Speaking after his Jan. 9 White House meeting with oil and gas executives, Trump briefly addressed the renewed Greenland debate while taking questions from reporters. “They’ve been very nice to me. I’m a big fan,” he said, before laying out what he seemed to view as a blunt historical rebuttal:
“The fact that they had a boat land there 500 years ago doesn’t mean that they own the land.”
Trump on Greenland:
The fact that they landed a boat there 500 years ago doesn’t mean they own the land. pic.twitter.com/Ybha6NfyTb
It may have sounded forceful in the moment. But taken seriously, the argument punches a hole in the historical logic that underpins America’s own formation. If a centuries-old arrival by ship doesn’t support a claim to territory, then the logic that settlers used to justify ownership of vast parts of North America starts to unravel, too.
Reporter: Why is it so important to you to own Greenland when you already have a military presence there, which you could expand to address security concerns?
Trump: Because when we own it, we defend it.
You don’t defend leases the same way — you have to own it.
If “a boat landed there” isn’t a claim, neither is America’s
Trump’s framing treats Greenland’s sovereignty as if it’s merely a matter of paperwork, leverage, or who can impose control — not continuity, consent, or the people who actually live there. He doesn’t meaningfully engage with the reality that Greenland has residents, institutions, and self-governance.
But the larger problem is that this reasoning doesn’t stay contained. If you apply it consistently, it scrambles modern borders and land claims far beyond Greenland — including the foundational story many Americans were taught about their own country.

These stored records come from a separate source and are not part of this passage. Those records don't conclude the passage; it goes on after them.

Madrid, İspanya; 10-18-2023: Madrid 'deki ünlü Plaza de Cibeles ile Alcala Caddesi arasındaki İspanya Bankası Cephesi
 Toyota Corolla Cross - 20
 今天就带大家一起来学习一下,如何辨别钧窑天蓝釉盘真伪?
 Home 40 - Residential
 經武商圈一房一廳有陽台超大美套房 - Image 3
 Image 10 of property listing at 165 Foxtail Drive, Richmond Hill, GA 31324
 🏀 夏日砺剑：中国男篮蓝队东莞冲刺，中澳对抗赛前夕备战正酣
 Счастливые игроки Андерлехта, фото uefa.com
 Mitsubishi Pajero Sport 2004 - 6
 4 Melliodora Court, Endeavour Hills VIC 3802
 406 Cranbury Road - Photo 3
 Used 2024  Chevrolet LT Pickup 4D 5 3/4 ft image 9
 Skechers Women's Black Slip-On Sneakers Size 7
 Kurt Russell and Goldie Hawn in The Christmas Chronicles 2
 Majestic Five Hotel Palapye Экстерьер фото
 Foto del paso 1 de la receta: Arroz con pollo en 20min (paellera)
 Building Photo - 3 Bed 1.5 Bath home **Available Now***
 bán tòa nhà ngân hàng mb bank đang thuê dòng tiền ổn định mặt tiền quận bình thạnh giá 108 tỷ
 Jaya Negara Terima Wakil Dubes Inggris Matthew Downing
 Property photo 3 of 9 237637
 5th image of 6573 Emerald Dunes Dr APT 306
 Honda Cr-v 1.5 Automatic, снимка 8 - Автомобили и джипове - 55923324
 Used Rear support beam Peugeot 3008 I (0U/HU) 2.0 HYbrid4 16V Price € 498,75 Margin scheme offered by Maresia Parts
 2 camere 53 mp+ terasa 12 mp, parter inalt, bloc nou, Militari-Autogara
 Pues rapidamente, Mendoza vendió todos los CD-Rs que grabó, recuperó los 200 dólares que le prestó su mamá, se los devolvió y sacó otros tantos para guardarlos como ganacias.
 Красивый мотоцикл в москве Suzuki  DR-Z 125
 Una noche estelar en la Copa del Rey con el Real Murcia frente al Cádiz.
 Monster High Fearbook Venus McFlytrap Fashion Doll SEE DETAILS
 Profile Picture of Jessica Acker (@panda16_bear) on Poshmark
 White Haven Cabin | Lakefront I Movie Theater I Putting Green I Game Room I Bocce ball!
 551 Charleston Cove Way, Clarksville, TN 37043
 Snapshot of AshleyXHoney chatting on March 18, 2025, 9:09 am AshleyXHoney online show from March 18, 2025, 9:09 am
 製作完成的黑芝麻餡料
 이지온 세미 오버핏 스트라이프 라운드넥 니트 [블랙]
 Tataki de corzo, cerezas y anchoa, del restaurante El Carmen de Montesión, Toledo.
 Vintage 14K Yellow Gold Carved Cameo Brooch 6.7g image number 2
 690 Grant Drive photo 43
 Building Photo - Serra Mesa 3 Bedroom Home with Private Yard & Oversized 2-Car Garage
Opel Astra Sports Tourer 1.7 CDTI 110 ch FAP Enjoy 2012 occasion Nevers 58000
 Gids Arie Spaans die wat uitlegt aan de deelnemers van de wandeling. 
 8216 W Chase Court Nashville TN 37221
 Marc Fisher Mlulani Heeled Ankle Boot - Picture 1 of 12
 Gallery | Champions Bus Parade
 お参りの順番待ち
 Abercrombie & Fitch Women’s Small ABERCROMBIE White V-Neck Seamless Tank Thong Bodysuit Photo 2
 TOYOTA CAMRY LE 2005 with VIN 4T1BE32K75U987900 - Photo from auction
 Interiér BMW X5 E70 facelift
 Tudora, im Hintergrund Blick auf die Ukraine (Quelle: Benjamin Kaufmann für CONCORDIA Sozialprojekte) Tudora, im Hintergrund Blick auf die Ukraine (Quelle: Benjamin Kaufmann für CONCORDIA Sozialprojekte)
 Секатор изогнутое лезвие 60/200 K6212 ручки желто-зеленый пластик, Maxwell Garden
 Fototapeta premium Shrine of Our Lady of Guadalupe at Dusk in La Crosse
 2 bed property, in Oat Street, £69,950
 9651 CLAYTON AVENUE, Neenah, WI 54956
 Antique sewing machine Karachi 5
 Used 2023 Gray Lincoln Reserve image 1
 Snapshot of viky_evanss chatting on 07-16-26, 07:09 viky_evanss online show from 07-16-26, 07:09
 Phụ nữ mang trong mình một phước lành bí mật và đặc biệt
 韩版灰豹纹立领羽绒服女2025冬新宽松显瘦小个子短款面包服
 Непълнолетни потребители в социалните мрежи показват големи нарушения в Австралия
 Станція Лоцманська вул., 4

Europeans arrived in North America by ship. Columbus did. So did the English, Spanish, French, and Dutch. If arriving by boat long ago doesn’t translate into ownership today, then “because we got here first (or earlier)” becomes a weak basis for legitimacy — and the argument circles back to the people who were already on the land.
That’s why many online reactions latched onto the unintended implication. One X user wrote, “By that logic, Americans have no claim to the USA whatsoever. Return it to the natives.” Another replied more dryly: “Native Americans would like a word or two.”
Trump didn’t just talk history — he talked control
Trump’s comments also weren’t limited to a historical point. He moved quickly into language about occupation and ownership.
Asked why he wants to “own” Greenland when the U.S. already has a military presence there, he offered an explicitly transactional justification: “Because when we own it, we defend it,” he said. “You don’t defend leases the same way. You have to own it. Countries need ownership, and you defend ownership.”
He then tied the push to geopolitical threats, claiming Russian and Chinese vessels and submarines were operating near Greenland, and implying that without U.S. ownership those powers could “occupy” the island. “We are not going to have Russia or China occupy Greenland,” he said, adding that the United States would act “either the nice way or the more difficult way.”
And he went further still: “We are going to do something with Greenland, whether they like it or not.”
That line strips agency from Greenlanders entirely — as if the island were an unclaimed asset, not a place where people live, vote, build lives, and govern.
Greenland is not an empty square on a map. It has citizens, homes, infrastructure, and a government. The story isn’t that “a boat landed there.” People live there now. And they have sovereignty.
Even within Trump’s own logic, the gap is obvious. As one X user put it: “How does it mean America owns the land?” Across the responses, “Who’s gonna tell him?” might be the gentlest way to summarize the confusion — but it captures the point: the argument he reached for doesn’t just challenge Greenland’s claim. It also exposes how fragile that same kind of claim can be when applied to America itself.